#### TASK DIRECTIONS
Exact copy, no pictures: every line from the one that contains "Coupler-based verification is" through the end of the data below, and nothing else.

──────── DATA FOR ANALYSIS

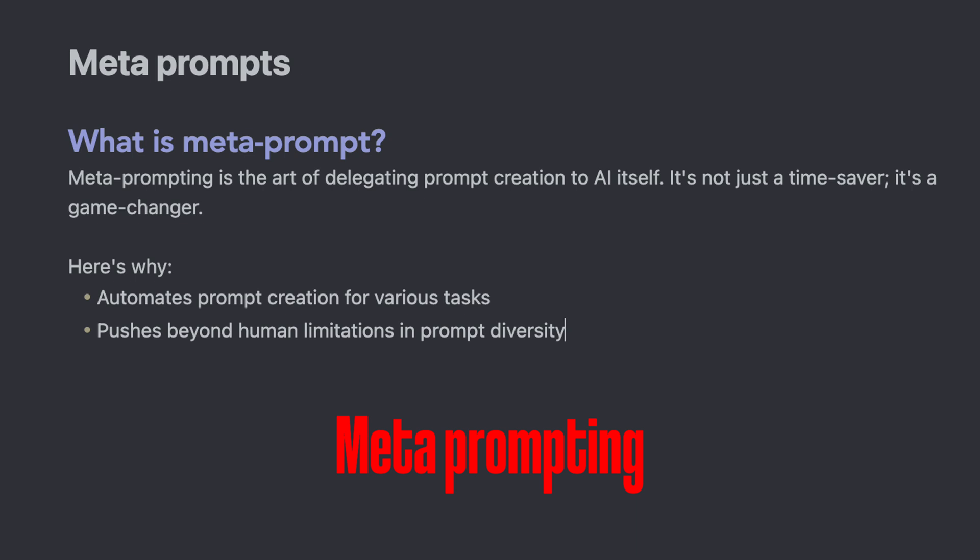So what is meta prompting? Meta prompting is the art of delegating prompt creation to AI itself. It's not just a time saver, in my opinion, it's a game changer.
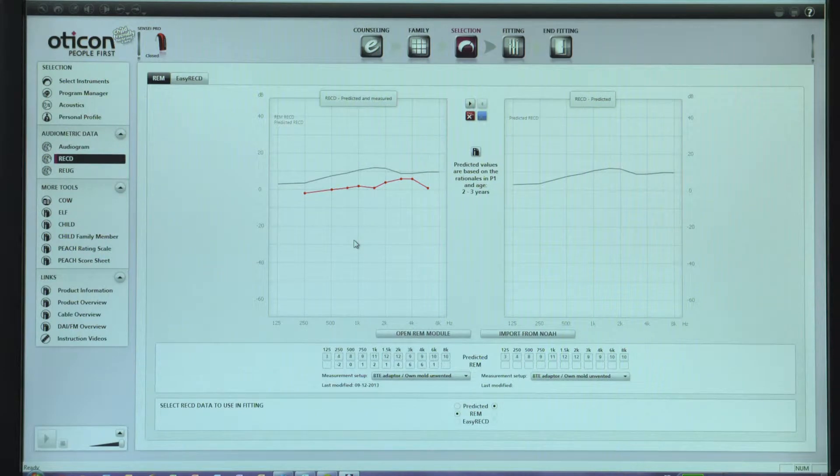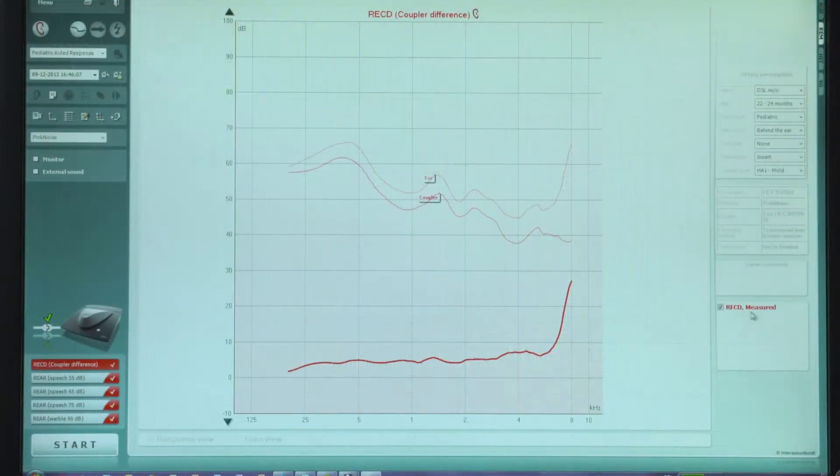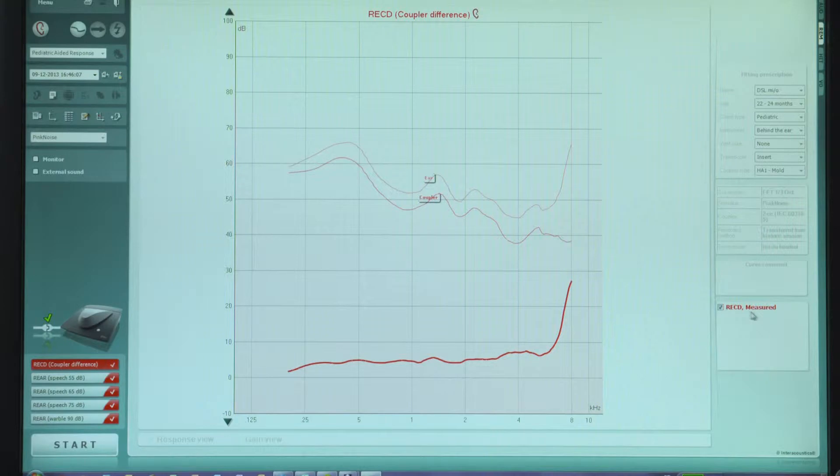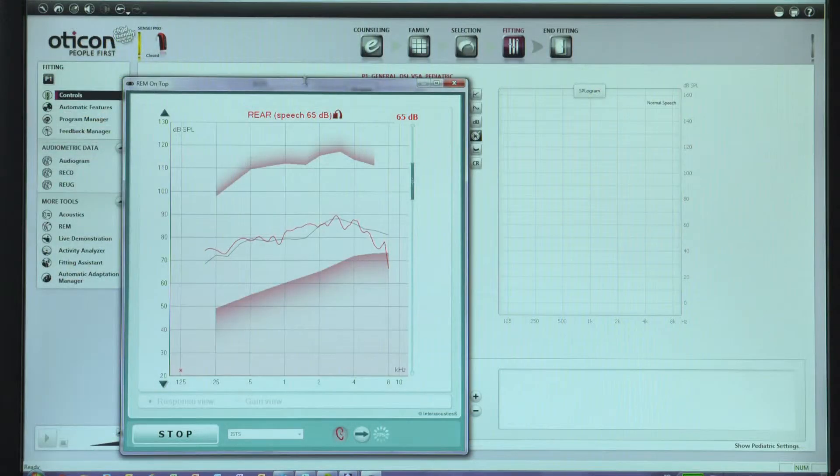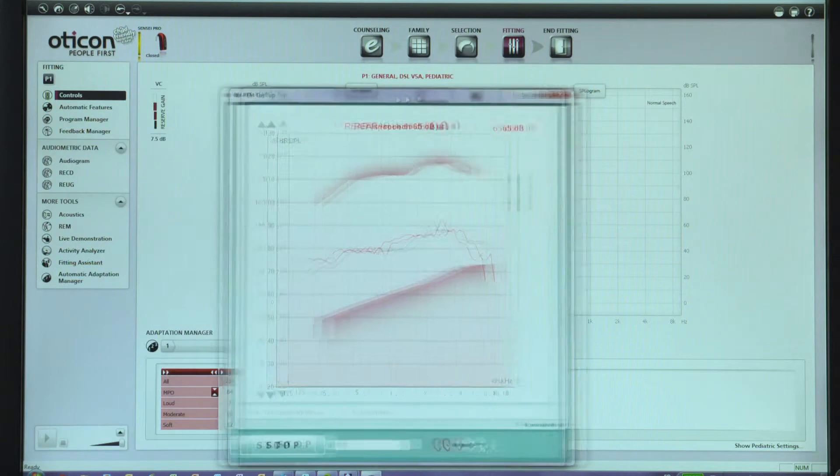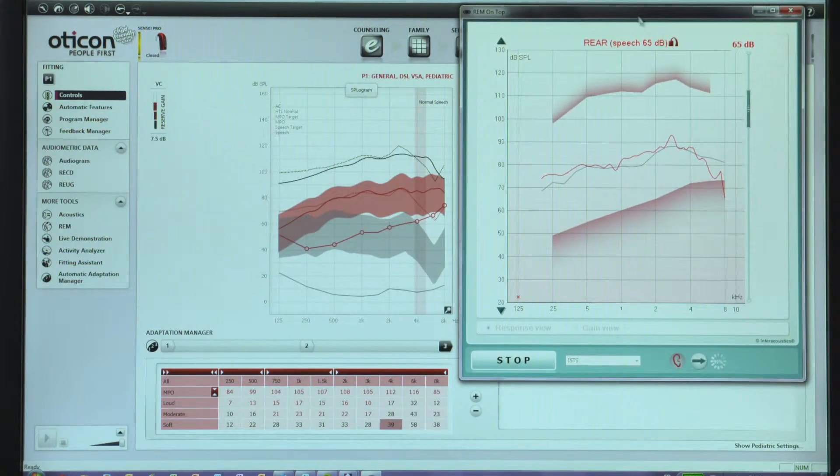Coupler-based verification is extremely important because children are not able to tell us what they can and cannot hear. It provides a way for the audiologists to ensure that there is adequate audibility for various input levels.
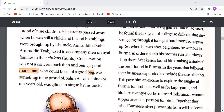Amiruddin Tiabji used to accompany men of royal families in their shikars, meaning hunts. Conservation was not a concern back then — being a good marksman who could boast of a good bag was something to be proud of. So his uncle used to help the royal family with shikar.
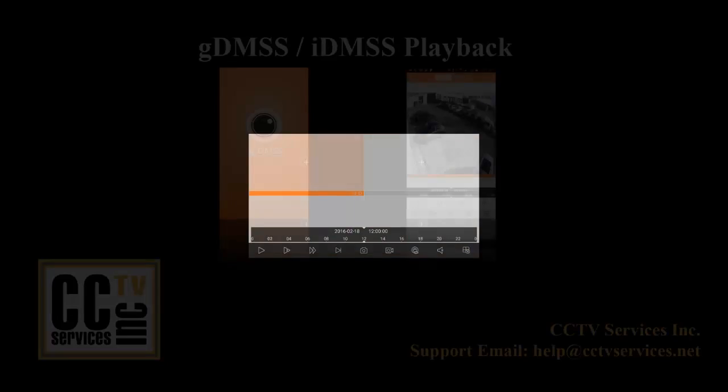You'll see you have all the same options. Your snapshot options, your record local option, your audio playing option, and your closing the cameras option.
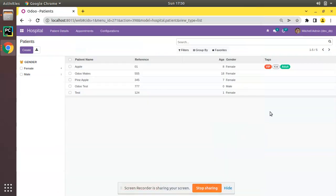Hello, good morning all. Today in this video we are going to discuss how to load data from a CSV file in Odoo. Currently on screen you are seeing Odoo version 15 Community Edition, where we are continuing our Odoo 15 development tutorials. In the previous video we successfully showed how to load data from an XML file, and in this video we will show how to load data using a CSV file in Odoo.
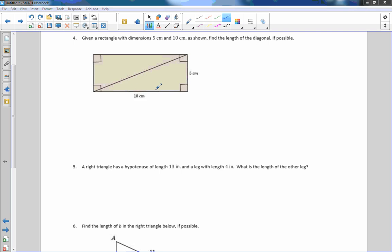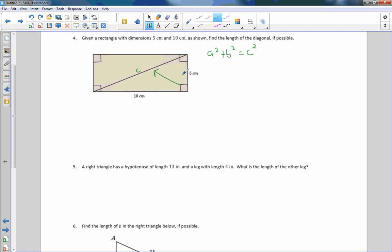Example 4: given a rectangle with dimensions 5 cm and 10 cm, find the length of the diagonal. The diagonal is opposite the right angle, so it is C — the hypotenuse. Set up the formula: a² + b² = c². It doesn't matter what we name A and B, just make sure C is always the hypotenuse. Let A = 10 and B = 5: 10² + 5² = c², so 100 + 25 = 125 = c².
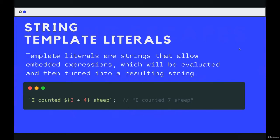Next up, we have a big one, not necessarily difficult, but just a really commonly used part of JavaScript and strings in particular, something called template literals.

────────────────

#### ANSWER BELOW
Coupler-based verification is extremely important because children are not able to tell us what they can and cannot hear. It provides a way for the audiologists to ensure that there is adequate audibility for various input levels.
Amiruddin Tiabji used to accompany men of royal families in their shikars, meaning hunts. Conservation was not a concern back then — being a good marksman who could boast of a good bag was something to be proud of. So his uncle used to help the royal family with shikar.
You'll see you have all the same options. Your snapshot options, your record local option, your audio playing option, and your closing the cameras option.
Hello, good morning all. Today in this video we are going to discuss how to load data from a CSV file in Odoo. Currently on screen you are seeing Odoo version 15 Community Edition, where we are continuing our Odoo 15 development tutorials. In the previous video we successfully showed how to load data from an XML file, and in this video we will show how to load data using a CSV file in Odoo.
Example 4: given a rectangle with dimensions 5 cm and 10 cm, find the length of the diagonal. The diagonal is opposite the right angle, so it is C — the hypotenuse. Set up the formula: a² + b² = c². It doesn't matter what we name A and B, just make sure C is always the hypotenuse. Let A = 10 and B = 5: 10² + 5² = c², so 100 + 25 = 125 = c².
Next up, we have a big one, not necessarily difficult, but just a really commonly used part of JavaScript and strings in particular, something called template literals.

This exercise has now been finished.